Rails is not a precondition
First, observe that Rails is not a precondition of the security issue as described. Parsing an untrusted/tainted YAML source in Ruby with Psych is unsafe. No Rails. Really?
source = "--- !ruby/hash:AVulnerableClass {hello: 'world'}"
YAML.parse(source)
The YAML source above is perfectly valid. When parsed by Psych, it will execute something similar to the following code:
data = AVulnerableClass.new # not exactly, but almost
data['hello'] = 'world'
In other words, a malicious user of any Ruby application that parses YAML (with Psych) from her input may easily:
- instantiate any ruby class available to the application
- try to exploit a
[]=(name, value)
instance method on such class, especially one that does something dangerous with thevalue
parameter such as evaluating code or executing a system command.
So what?
Rails fixes the issue in a quick and dirty way: now it prevents controller parameters from being passed as YAML. Such fix certainly makes sense, especially when you know that the real issue occurs when those parameter values are specified as a YAML datatype embbedded in an XML request (Rails controllers do not allow YAML input directly).
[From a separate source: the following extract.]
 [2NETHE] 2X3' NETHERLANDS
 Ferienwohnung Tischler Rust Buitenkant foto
YAML is not a datatype, it is a serialization format. The fix at least removes a strong confusion between data types and physical representation of their values, in addition to fixing the security problem of course.
The whole story does not end here. Why on earth do Rails controllers accept URL-encoded, JSON and XML serialization formats for parameters, but no YAML? Probably because no developer has ever asked for such support? Maybe because the security issue was already known? Because most clients of rails controllers are written in HTML/javascript and using YAML is such context is not idiomatic.
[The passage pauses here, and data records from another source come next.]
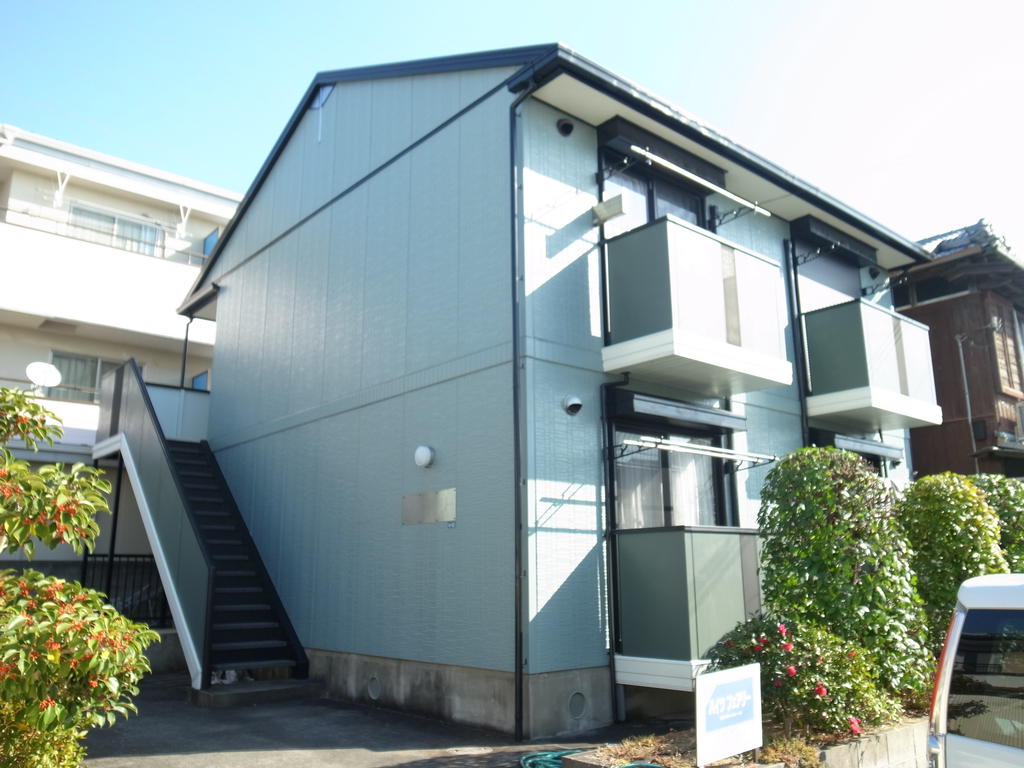 ハイツフェアリー_トップ画像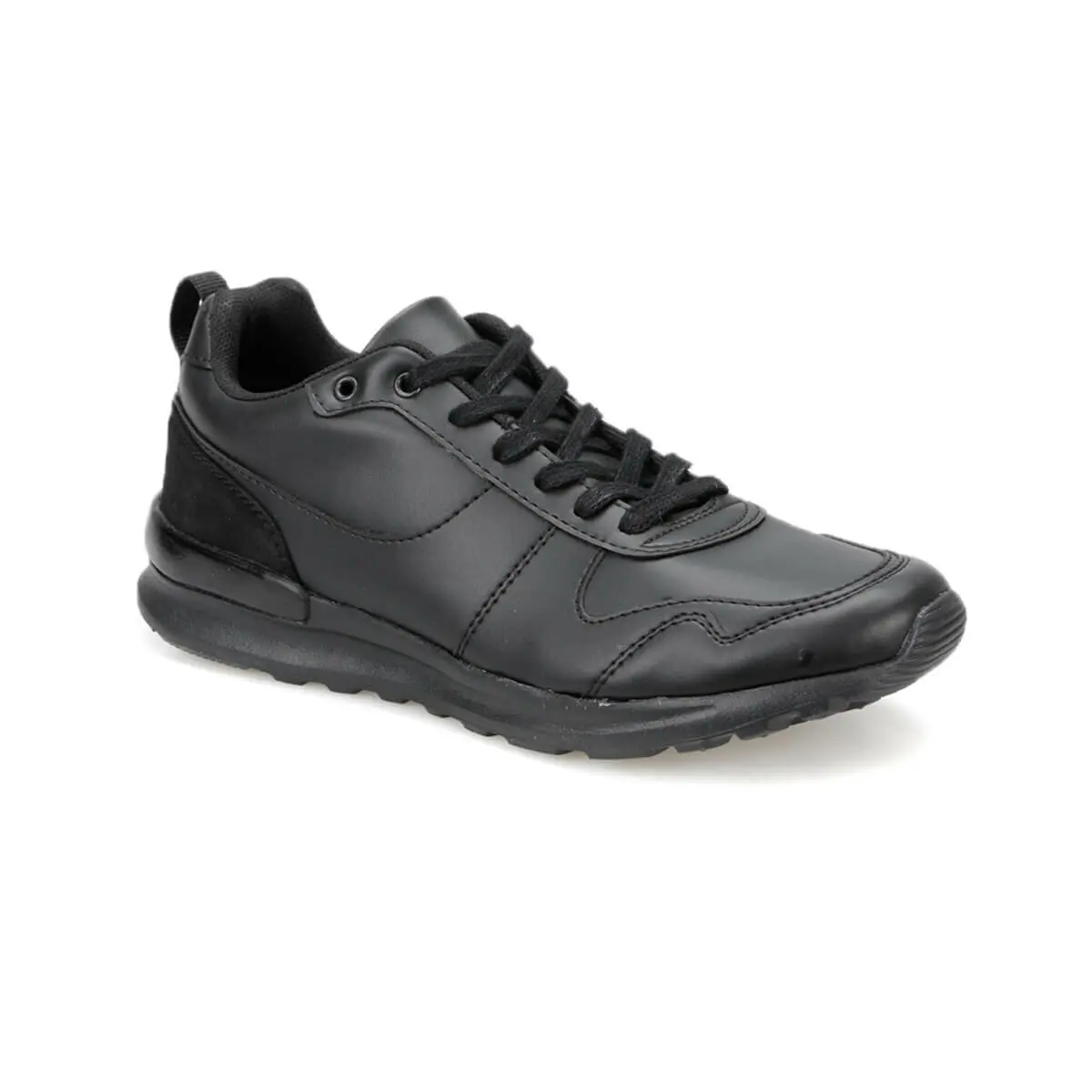 

FLO ULB-89 Black Male Shoes Panama Club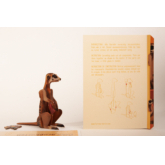 Erdmännchen – 3D Deko Grusskarte
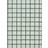 Cello Mosaik B 140 mat hvid keramik 33x30,2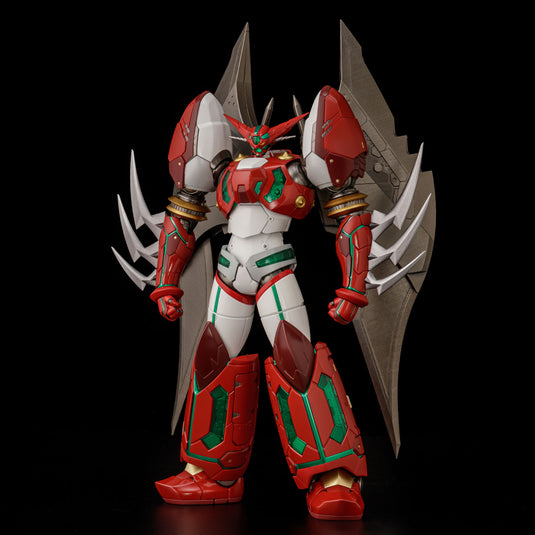 Sentinel - Getter Robo Armaggedon - RIOBOT Shin Getter 1 (Renewal Full Coloring Ver.)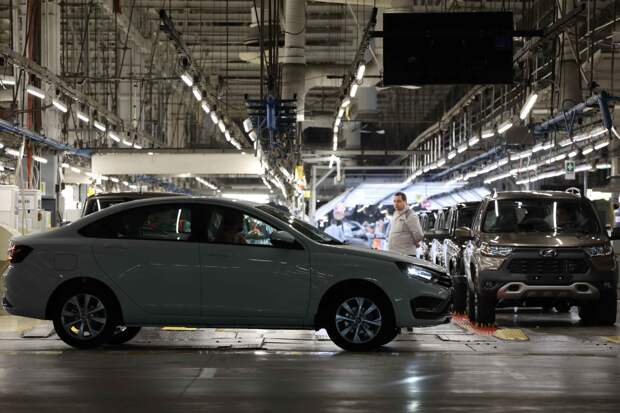 «АвтоВАЗ» сделал заявление на фоне конфликта на Ближнем Востоке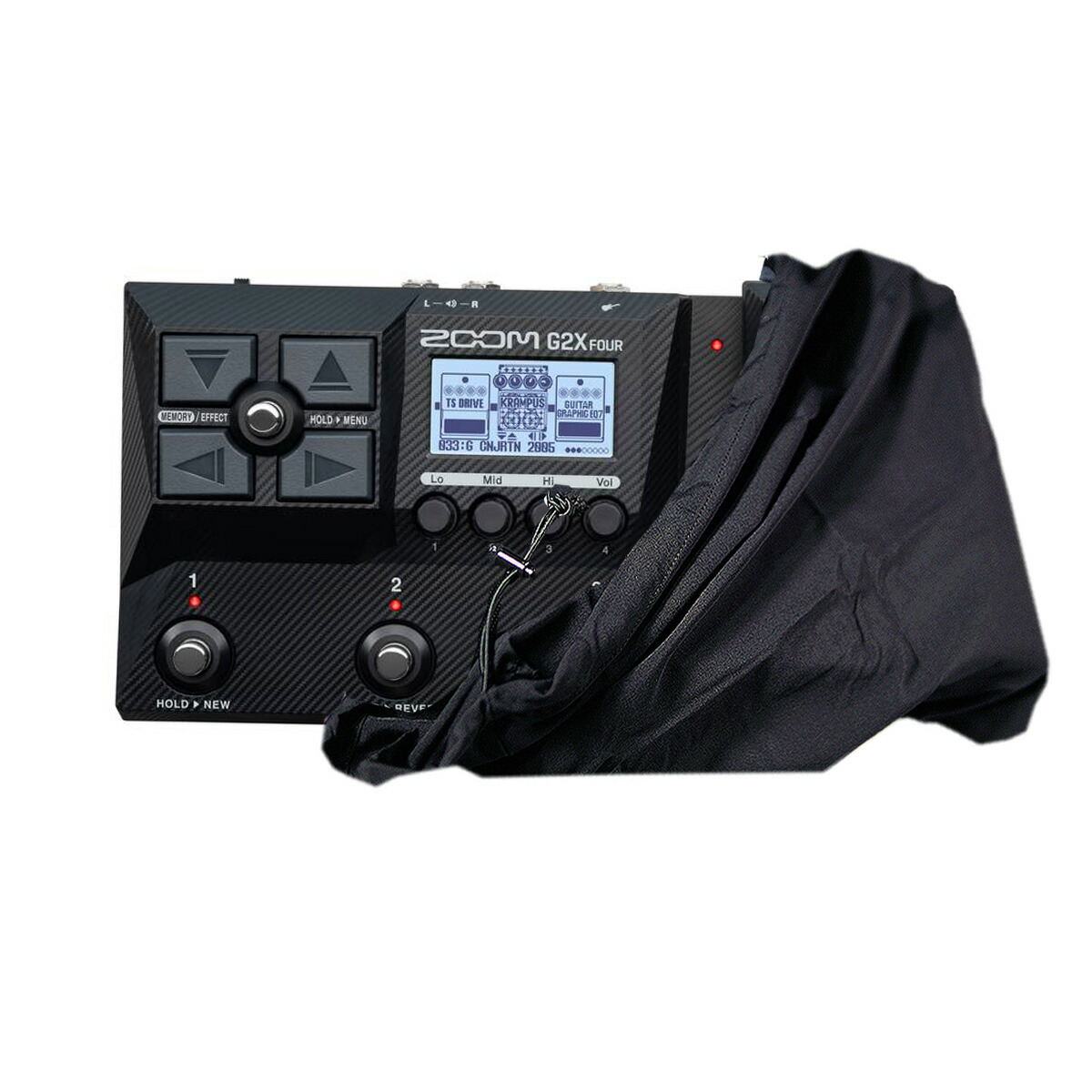 ZOOM g2x four (大幅値下げ） Amazon.co.jp: Zoom G2 Four ギター マルチエフェクト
Would it make sense for Rails controllers to accept YAML-encoded parameters? Of course it does. URL-encoded, XML, and JSON are data serialization formats, YAML also. Abstracting a bit, the invocation of a Rails controller is nothing but a remote procedure invocation between the front-end and the backend of a web application, between a client and a server (in a client-server architecture), more generally between two distributed modules in your software. The choice of a serialization format is an implementation detail. You take the one that naturally fits. Imagine a client for which YAML naturally fits and you'll ask rails controllers to take YAML as input.
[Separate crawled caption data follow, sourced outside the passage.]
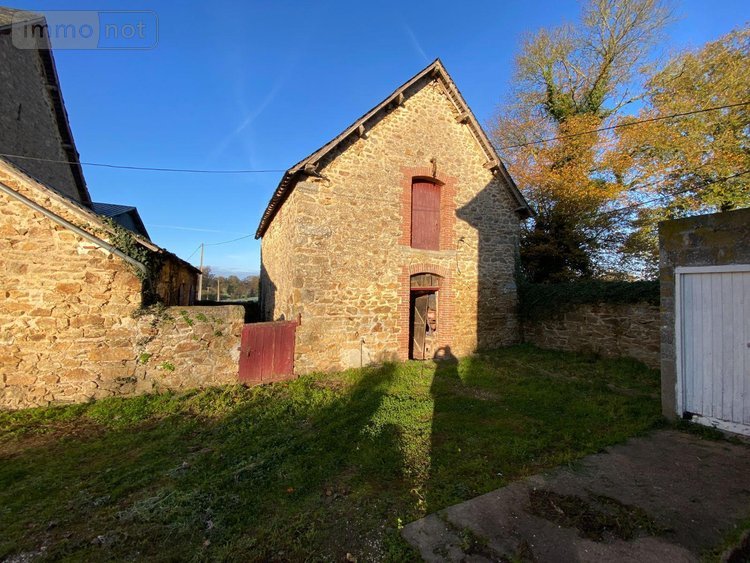 propriete a vendre Andouillé 53240 Mayenne 90 m2  215600 euros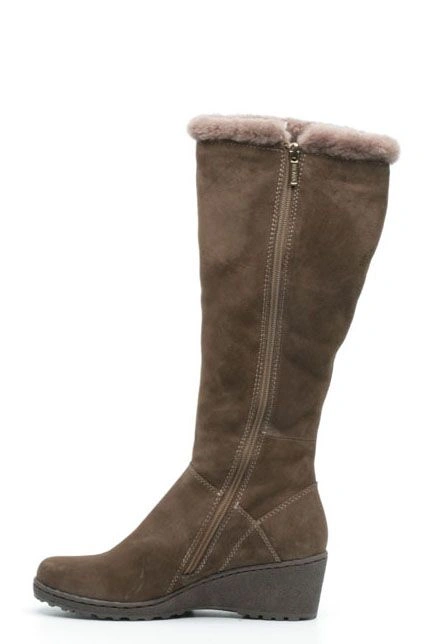 Сапоги MILANA 122148-2-1515CF бежевый - купить 12990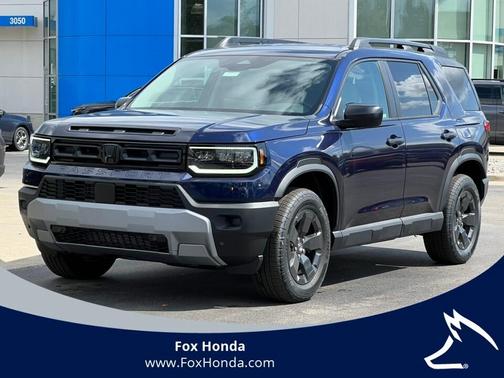 2026 Honda Passport RTL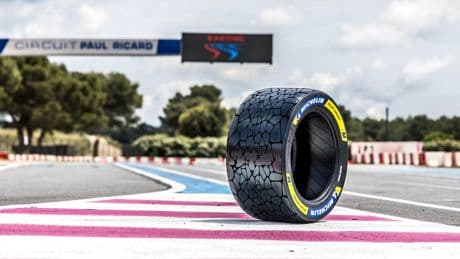 Michelin pone 'zapatos' nuevos a los Hypercar desde 2026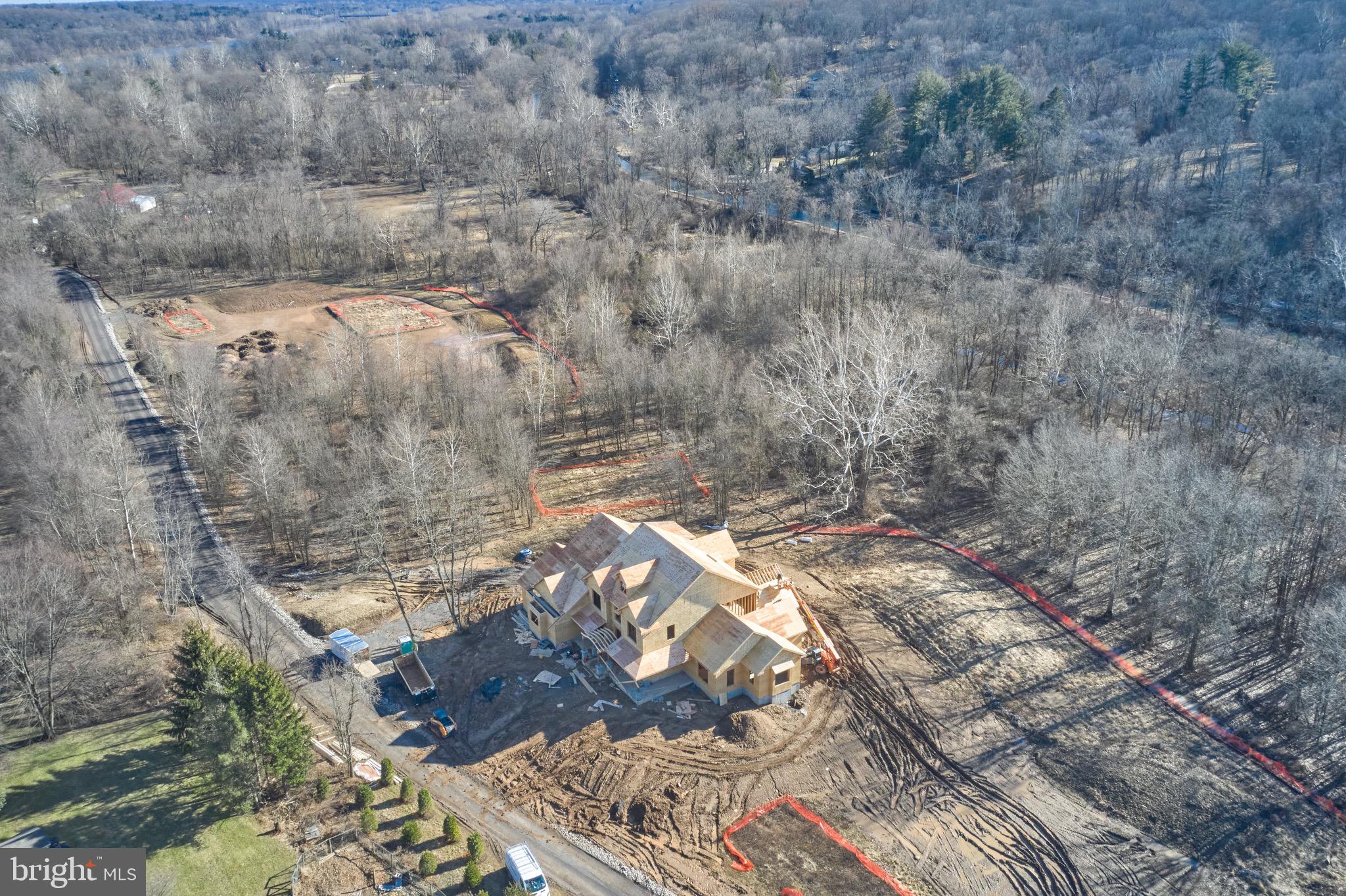 WASHINGTON CROSSING - Residential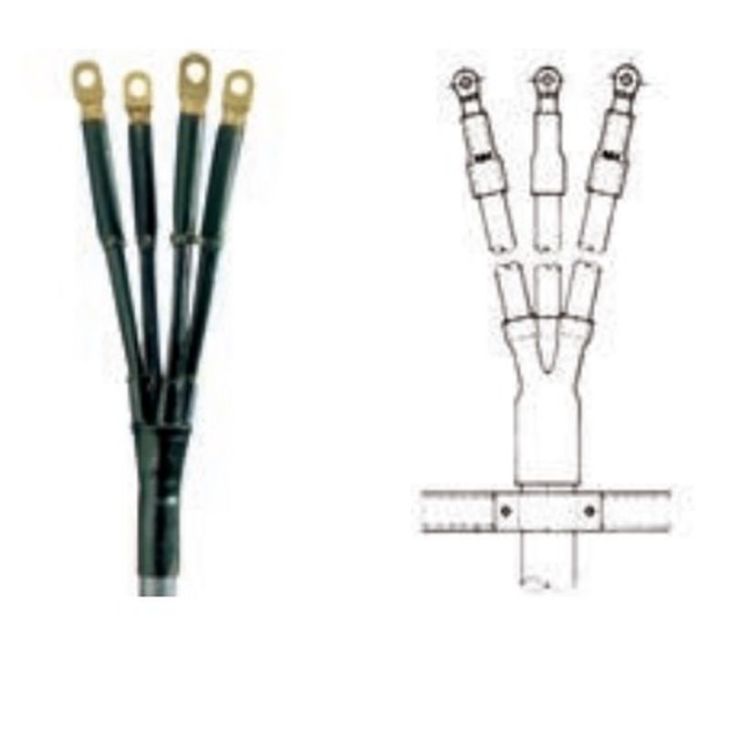 TLV 0316 TERMINAISON POUR CABLE(TLV0316)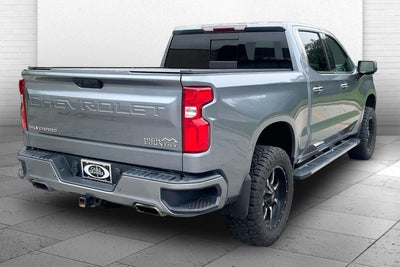2019 Chevrolet Silverado 1500 High Country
Now, forget about Rails and think about any distributed software for which one module naturally takes structured data as input. What if YAML is natural choice for its clients, because the end-user is involved for instance. Will you choose it?
No, because YAML parsing is unsafe.
Conclusion
The conclusion of not using YAML is a pitty, in many respects. As a though provoking conclusion, let me simply state that in 2013, passing structured data between distributed software modules remains a complete nightmare. Available choices are:
- URL-encoded parameters have implicit datatypes by nature (all strings) and do not provide ways to capture structured data (key-value pairs only),
- XML is verbous, has implicit datatypes and accidental structures (nodes and attributes, but no arrays, no lists, no maps),
- JSON has a few datatypes (string, integer, Boolean, but no time, no date, no url, no color, etc.) and a few good structures (arrays and dictionnaries),
- YAML has even richer datatypes (string, integer, Boolean, time, date) and good structures (arrays and dictionnaries), but is not safe (in Ruby)
Why not simply having a serialization format with rich datatypes (including safe user-defined ones) and rich structures?